Jennifer Lawrence, the winner of a completely deserved Oscar for Silver Linings Playbook, continues to prove herself the best person for the job of bringing heroine Katniss Everdeen to life. She is the heart of the film and without her, it'd all fall apart. She gives this film her all, going through a wide range of emotions and really grounding the movie. Her dynamics with all the different characters are unique and she conveys so much with even the slightest of expressions. Those naysayers who doubted her in the beginning won't be going hungry, as they should be eating their words by now. She gives everything's she's got, the emotions she experiences on screen aren't just gut-wrenching for her, but for us too, watching her have to go through them. So much weighs on her shoulders, but she endures. Helping with that is Peeta. Her relationship with him is a complicated one, and Josh Hutcherson is up to the task of getting across just how difficult it is for his character. You can't help but feel for him. Meanwhile, Gale gets a few more scenes than just looking on, appearing sad as he watches Katniss & Peeta play up their fake (or is it?) love for each other for the cameras. There's a whipping scene that's quite brutal - as is a lot of the film.
Seeing Haymitch, Effie and Cinna return is welcome, and not unlike seeing old friends again. Although she's still made up to look like a drag queen, Elizabeth Banks continues to provide a little humour in these otherwise bleak films, but this time also gets to have some actual emotional scenes - which she does with great nuance and they actually pack quite the punch. Haymitch, although still as alcoholic as ever (as the sound of many an empty bottle is heard whenever Katniss goes to see him), is much more than a drunkard mentor. He's quite complex and, like with Cinna, his scenes with Katniss are always enjoyable to watch. Speaking of, Lenny Kravitz's character provides not only some nice small moments with Lawrence, but also gives us some truly amazing outfits for her to wear that aren't just pretty, but provide statements/have meaning in the film. It's horrible to see what happens to him just before Katniss goes up in that tube, and she has mere moments to deal with it before being thrust into unknown territory. The 'game' between Katniss & Snow is also taken up more than a few notches. Donald Sutherland plays a truly loathsome character...which I guess means he's doing his job well. The horrible things he does in Katniss' name make him someone you really want to see her put an arrow through the eye of. Her sister, Prim, gets some more focus as well, which proves important.
We also get some new characters this time around. Philip Seymour Hoffman's Plutarch Heavensbee is far more interesting/complex than Seneca Crane (who he replaces) ever was. Sam Claflin's Finnick and Jena Malone's Johanna are two new intriguing additions. While Finnick starts off seeming like just another surfer boy who likes to walk around shirtless, he winds up being much more than that. While Johanna is a bit annoying to begin with, stripping in an elevator for seemingly no reason (though that scene is totally worth it just for Lawrence's expression alone), and while she is a bit shriek-y at times, she proves quite the ally. Jeffrey Wright's Beetee is also a welcome addition. Everyone else? Eh. Some are okay, others ridiculous (pointed teeth and hissing do not a menacing adversary make), most forgettable or annoying.
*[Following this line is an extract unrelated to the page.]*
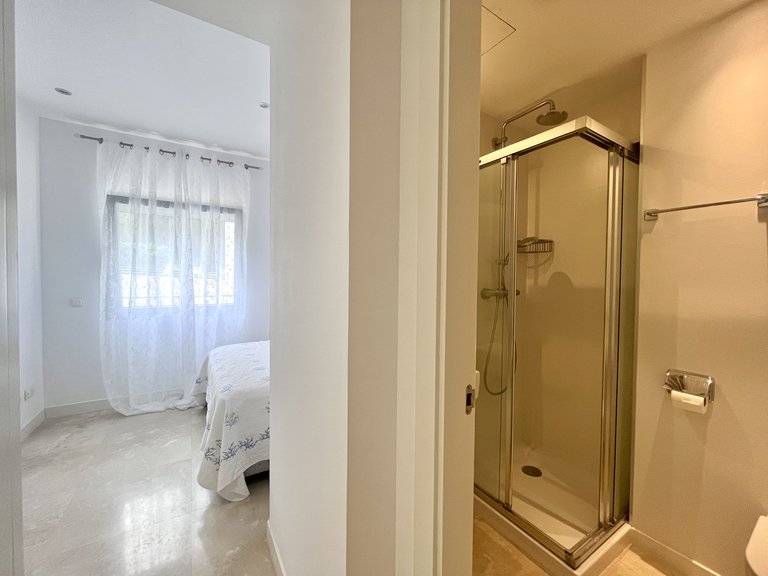 Apartment for Rent in Bendinat, Balearic Islands 13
What a difference a new director has made. Francis Lawrence has thankfully ditched the shaky cam that plagued the first film and things aren't needlessly queasy this time around. Everything looks much more impressive on screen, from dresses Katniss wears to the special effects and scenery. Also improved is the passing. While things may start out "slow", they never feel plodding. I was actually transfixed by the goings on before we ever got to the action. The score helps. Everything's a vast improvement over the last film. Even the ending, while still a bit strange and rather abrupt, is far superior to the last film's (which really should've ended on Katniss & Peeta, I felt, rather than Snow walking away). This time, the ending has so much meaning behind it. Several characters' fates are left up in the air, but what it really all comes down to is the final expression on Katniss' face. She goes through so many emotions in the space of mere seconds. The final moments really show off Jennifer Lawrence's skill as an actress, and you can't help but think "There's our girl". She is indeed on fire. As is the Mockingjay symbol at the end, which promises even better things to come.
Thor: The Dark World (2013)
Thor and Gotye team up to take down the Ninth Doctor...
Darcy! Jane! Selvig! Mjölnir! The gang's all back. For me, Thor was one of the best superhero movies to come out in recent time. I far preferred it to the overrated Iron Man films and wanted another. So here it is, and while it's not as good as the first one, it's still quite enjoyable. Chris Hemsworth, despite having the less flashy role next to Tom Hiddleston's Loki, is really very good. What made Thor so likable in the first film was that, despite his overconfidence and head-strong nature, he went on a character journey that changed him. He grew as a character and, thanks to Hemsworth's charm, you felt for him. He had lots of great little moments. Then he got royally screwed in The Avengers and was made a mockery of, which did a major disservice to him. This time around, he's back to strutting his stuff and doing what he does best: wielding his mighty hammer like no one else can.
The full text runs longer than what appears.